Questo perché, come oramai è reso noto da giorni, Assad ha stretto un accordo con i curdi che dal 2012 nel nord della Siria hanno creato la regione de facto autonoma del Rojava. Le truppe siriane si stanno via via posizionando nelle zone fino a pochi giorni fa controllate dai filo curdi delle milizie Sdf. Il corpo a corpo dunque, prima ancora che tra turchi e curdi, rischia di essere tra turchi e siriani. E gli occhi sono puntati sulla M4, l’autostrada che collega Aleppo con Qamishli. Si tratta dell’arteria oggetto dell’intervento turco iniziato nei giorni scorsi, il cui parziale controllo nelle aree del Rojava interessate dall’interno sta permettendo alle milizie filo Ankara di avanzare.

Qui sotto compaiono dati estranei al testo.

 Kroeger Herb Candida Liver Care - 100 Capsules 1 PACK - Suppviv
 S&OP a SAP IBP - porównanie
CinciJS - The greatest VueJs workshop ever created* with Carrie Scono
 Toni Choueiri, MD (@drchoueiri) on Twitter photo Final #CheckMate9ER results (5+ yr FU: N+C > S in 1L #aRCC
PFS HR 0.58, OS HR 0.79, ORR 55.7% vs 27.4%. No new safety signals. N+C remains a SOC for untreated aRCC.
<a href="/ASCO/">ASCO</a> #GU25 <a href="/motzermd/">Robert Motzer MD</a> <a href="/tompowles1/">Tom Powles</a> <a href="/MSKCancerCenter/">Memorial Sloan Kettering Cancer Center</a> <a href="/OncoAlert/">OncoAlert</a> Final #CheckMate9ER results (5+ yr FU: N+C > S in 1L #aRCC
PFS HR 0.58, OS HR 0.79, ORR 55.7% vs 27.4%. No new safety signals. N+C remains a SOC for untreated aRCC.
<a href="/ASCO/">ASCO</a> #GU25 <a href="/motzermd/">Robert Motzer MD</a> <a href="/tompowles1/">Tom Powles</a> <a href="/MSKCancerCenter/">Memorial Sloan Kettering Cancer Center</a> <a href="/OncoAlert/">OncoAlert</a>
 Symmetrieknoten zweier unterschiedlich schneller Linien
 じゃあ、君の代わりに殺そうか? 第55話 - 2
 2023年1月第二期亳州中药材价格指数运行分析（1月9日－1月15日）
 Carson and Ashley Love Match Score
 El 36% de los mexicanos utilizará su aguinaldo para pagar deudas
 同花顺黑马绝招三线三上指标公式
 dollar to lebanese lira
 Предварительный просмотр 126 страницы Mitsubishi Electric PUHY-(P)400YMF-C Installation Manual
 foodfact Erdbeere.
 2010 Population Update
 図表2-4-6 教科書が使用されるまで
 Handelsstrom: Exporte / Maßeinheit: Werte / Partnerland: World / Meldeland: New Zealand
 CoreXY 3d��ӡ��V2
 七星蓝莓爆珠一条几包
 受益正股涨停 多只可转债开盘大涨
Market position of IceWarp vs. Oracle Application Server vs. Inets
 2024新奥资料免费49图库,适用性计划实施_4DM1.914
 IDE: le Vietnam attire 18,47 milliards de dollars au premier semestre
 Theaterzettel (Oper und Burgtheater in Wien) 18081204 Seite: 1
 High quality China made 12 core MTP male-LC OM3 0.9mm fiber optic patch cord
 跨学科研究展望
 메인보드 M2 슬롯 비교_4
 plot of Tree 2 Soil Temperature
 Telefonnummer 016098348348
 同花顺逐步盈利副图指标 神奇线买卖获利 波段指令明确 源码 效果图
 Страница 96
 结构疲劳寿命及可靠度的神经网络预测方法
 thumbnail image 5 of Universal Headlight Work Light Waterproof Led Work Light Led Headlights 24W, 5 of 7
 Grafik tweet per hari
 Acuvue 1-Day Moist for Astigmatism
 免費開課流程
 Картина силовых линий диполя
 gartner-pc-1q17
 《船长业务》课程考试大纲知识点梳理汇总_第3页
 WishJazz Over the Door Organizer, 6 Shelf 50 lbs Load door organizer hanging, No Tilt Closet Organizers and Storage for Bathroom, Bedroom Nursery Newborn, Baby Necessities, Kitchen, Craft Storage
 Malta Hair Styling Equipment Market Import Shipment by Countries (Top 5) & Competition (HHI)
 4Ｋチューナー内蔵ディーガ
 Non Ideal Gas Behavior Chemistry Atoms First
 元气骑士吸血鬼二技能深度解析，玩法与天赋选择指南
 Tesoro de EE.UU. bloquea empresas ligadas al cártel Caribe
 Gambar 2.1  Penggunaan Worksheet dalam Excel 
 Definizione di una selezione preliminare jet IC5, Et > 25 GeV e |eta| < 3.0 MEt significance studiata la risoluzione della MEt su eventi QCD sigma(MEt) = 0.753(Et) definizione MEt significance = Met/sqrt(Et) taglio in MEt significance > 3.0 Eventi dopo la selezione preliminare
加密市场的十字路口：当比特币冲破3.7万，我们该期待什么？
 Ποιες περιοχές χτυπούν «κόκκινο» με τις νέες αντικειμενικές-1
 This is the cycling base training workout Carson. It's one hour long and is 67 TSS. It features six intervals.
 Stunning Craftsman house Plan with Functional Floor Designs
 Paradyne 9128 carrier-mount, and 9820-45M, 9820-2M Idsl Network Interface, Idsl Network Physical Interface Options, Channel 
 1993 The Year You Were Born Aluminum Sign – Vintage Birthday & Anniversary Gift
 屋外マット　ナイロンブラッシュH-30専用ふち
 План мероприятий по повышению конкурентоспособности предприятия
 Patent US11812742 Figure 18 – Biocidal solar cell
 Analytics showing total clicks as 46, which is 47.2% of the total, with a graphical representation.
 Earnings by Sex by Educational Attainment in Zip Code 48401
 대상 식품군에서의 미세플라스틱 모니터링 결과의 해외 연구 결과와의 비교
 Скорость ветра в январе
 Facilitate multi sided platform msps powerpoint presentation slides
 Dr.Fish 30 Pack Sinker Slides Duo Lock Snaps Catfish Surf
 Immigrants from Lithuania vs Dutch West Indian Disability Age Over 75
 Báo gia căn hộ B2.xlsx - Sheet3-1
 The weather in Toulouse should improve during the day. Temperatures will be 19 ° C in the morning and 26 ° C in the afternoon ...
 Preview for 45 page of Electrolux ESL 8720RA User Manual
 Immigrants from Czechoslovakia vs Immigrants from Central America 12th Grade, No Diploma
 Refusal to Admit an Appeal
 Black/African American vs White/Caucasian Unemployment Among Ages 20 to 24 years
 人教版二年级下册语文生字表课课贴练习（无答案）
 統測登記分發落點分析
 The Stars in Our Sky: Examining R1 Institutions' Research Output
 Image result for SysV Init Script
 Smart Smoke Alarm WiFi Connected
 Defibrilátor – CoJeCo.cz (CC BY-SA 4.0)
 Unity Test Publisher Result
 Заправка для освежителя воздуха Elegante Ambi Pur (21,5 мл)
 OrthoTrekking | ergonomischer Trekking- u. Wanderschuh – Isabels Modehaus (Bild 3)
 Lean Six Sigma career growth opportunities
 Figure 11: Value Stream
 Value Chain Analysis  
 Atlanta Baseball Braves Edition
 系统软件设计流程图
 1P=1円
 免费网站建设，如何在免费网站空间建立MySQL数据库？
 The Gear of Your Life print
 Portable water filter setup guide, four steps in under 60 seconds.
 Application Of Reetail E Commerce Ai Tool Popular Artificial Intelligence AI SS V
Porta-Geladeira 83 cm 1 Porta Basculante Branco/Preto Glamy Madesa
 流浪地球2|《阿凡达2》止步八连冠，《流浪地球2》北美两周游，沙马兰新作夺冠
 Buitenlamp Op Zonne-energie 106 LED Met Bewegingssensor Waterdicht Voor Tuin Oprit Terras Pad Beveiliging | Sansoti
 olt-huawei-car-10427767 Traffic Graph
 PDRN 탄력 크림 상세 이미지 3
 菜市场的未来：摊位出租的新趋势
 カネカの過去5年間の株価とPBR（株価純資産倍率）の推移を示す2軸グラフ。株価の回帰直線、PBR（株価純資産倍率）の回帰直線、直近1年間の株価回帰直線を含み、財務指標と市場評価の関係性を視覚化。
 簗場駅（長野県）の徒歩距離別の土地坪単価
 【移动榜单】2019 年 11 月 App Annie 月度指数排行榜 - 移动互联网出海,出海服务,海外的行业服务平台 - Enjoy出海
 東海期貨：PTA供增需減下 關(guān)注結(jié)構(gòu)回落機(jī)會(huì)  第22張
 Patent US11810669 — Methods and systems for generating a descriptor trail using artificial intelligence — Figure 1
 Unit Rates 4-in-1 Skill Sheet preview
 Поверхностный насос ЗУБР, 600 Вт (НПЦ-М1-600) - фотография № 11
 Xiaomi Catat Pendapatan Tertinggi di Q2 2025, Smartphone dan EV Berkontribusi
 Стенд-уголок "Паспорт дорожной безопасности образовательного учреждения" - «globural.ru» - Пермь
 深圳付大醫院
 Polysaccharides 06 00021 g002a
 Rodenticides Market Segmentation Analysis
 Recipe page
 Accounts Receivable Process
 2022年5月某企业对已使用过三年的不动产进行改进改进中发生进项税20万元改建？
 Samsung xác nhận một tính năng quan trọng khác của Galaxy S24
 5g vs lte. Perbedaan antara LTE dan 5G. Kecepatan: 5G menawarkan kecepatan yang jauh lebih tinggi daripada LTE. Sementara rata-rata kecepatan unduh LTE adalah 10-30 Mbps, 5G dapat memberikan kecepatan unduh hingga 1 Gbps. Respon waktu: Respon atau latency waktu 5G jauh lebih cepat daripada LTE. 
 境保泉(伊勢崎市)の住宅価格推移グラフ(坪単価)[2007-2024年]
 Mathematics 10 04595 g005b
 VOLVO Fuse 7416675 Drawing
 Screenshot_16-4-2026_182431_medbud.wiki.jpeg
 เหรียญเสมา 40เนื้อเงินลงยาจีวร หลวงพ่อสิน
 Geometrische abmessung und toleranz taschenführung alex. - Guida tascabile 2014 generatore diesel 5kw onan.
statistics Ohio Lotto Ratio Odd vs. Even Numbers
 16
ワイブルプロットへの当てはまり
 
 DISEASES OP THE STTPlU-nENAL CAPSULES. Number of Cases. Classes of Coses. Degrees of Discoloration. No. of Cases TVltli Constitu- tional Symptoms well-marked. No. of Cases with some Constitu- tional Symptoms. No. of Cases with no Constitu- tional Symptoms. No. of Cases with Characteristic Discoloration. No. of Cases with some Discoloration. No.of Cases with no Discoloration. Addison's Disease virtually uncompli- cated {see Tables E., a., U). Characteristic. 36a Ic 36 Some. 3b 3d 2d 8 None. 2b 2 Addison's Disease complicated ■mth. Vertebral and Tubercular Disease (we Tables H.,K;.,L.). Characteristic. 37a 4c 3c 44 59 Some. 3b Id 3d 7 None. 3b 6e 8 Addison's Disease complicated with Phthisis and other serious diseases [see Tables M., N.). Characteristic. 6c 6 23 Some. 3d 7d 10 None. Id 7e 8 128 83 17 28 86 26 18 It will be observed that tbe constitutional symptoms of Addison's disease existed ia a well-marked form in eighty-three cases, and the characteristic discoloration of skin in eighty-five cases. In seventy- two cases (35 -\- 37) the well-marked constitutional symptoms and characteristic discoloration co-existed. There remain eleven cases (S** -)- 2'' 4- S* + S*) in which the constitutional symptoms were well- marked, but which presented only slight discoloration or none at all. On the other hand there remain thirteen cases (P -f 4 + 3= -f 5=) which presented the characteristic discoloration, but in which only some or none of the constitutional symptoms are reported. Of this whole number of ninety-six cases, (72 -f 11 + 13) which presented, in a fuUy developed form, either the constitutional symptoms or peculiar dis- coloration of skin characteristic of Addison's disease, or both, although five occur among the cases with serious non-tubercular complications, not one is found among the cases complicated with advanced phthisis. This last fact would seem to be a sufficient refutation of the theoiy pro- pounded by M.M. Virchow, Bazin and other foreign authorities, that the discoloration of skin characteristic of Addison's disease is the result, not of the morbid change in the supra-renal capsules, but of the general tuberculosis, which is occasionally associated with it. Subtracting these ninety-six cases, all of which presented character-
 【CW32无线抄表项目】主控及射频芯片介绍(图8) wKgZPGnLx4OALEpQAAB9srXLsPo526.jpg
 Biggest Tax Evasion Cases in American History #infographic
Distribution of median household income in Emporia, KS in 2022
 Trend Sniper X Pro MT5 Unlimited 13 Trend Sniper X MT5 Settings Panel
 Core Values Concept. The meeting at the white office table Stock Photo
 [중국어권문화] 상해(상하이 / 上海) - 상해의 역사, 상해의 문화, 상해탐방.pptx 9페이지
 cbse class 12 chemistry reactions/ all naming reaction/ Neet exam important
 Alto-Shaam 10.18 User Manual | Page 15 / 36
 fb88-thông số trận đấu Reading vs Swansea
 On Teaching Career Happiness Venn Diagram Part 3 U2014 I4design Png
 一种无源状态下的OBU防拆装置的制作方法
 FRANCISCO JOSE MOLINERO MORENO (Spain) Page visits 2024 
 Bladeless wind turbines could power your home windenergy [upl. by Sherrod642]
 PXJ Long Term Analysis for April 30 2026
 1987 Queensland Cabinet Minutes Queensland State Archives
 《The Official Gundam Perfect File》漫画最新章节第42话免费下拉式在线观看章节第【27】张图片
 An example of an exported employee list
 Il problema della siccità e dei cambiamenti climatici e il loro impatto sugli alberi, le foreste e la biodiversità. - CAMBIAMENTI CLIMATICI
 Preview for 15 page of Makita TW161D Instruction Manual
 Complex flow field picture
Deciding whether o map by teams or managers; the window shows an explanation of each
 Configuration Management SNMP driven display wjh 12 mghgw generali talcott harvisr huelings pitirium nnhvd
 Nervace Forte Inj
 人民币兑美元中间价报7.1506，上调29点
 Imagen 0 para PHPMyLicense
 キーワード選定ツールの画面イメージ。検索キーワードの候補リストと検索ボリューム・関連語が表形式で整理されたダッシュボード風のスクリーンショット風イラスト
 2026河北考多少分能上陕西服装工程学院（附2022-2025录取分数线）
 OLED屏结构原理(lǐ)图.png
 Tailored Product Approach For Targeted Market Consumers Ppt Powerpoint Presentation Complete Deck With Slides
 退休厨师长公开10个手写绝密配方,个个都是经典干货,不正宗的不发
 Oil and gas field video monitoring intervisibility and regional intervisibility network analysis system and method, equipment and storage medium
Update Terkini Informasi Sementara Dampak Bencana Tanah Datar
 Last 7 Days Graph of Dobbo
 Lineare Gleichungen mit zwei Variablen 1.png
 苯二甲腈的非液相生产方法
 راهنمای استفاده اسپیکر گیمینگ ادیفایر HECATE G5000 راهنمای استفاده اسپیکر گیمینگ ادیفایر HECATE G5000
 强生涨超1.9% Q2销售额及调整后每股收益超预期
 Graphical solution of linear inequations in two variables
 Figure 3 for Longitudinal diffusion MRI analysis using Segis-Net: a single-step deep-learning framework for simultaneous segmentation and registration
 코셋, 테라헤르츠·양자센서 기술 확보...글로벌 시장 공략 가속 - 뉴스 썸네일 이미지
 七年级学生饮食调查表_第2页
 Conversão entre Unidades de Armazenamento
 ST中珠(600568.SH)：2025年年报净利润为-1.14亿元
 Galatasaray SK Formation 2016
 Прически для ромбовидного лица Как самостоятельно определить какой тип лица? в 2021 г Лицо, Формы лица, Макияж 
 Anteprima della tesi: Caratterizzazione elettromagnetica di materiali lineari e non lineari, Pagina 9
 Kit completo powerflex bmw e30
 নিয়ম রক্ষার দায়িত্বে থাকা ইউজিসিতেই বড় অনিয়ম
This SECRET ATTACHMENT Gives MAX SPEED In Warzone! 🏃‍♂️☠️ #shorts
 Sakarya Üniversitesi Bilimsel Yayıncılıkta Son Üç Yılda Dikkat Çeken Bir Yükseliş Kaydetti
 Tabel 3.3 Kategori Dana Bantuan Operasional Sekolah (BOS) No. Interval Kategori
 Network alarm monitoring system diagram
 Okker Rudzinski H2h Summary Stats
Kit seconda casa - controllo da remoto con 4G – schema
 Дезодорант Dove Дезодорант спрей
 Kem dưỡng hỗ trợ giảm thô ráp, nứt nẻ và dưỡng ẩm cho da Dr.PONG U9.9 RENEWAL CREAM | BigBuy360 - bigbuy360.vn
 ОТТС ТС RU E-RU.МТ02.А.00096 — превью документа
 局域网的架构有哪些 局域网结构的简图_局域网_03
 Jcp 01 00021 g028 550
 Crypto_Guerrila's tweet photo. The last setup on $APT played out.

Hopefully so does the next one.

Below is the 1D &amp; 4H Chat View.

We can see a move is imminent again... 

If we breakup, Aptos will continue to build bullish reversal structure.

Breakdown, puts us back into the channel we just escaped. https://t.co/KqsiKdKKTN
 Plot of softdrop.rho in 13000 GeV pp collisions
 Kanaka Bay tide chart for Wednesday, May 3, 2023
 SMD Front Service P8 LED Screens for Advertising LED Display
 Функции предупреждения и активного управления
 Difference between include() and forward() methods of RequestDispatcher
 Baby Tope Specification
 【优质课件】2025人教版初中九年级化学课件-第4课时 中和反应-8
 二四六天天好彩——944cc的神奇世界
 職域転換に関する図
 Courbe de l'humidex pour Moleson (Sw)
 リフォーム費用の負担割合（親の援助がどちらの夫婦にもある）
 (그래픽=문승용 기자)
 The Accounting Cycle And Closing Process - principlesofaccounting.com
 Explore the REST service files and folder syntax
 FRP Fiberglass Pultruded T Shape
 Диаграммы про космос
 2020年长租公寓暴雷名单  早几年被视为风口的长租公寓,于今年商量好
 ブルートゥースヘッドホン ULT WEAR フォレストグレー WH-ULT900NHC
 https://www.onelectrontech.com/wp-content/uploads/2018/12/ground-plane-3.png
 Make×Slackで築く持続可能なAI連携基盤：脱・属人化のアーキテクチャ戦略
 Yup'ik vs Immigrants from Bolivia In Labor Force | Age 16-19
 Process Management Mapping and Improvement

Ma sulla M4 si stanno riversando in questi giorni anche i reparti dell’esercito di Damasco che stanno procedendo verso Manbji, una delle città a maggioranza araba occupata fino a pochi giorni fa dalle Sdf. Una località che però è nel mirino anche della Turchia e delle milizie finanziate da Erdogan. Ecco perché aumenta dunque il rischio di un confronto diretto tra Assad ed Erdogan, con l’autostrada M4 che potrebbe rappresentare il vero fronte militare di questo nuovo braccio di ferro tra Siria e Turchia. Se tra i due Paesi inizierà un confronto fatto di colpi di artiglieria e di trincee, tutto potrebbe avvenire lungo proprio questa strategica arteria.
La situazione a Manbji
Intanto nelle ultime ore, fonti siriane e russe hanno confermato che la città di Manbji sarebbe adesso interamente nelle mani delle forze di Damasco. Segno di come il riposizionamento delle truppe fedeli al presidente Assad stia procedendo come concordato con i turchi domenica scorsa. L’esercito siriano a Manbji dovrebbe avere inoltre la copertura aerea russa, circostanza russa che avrebbe facilitato l’azione delle truppe di Damasco nella “corsa” verso Manbji. Resta alta la tensione poco più a nord della città, dove le forze filo turche premono per provare ad entrare in questo territorio della provincia di Aleppo.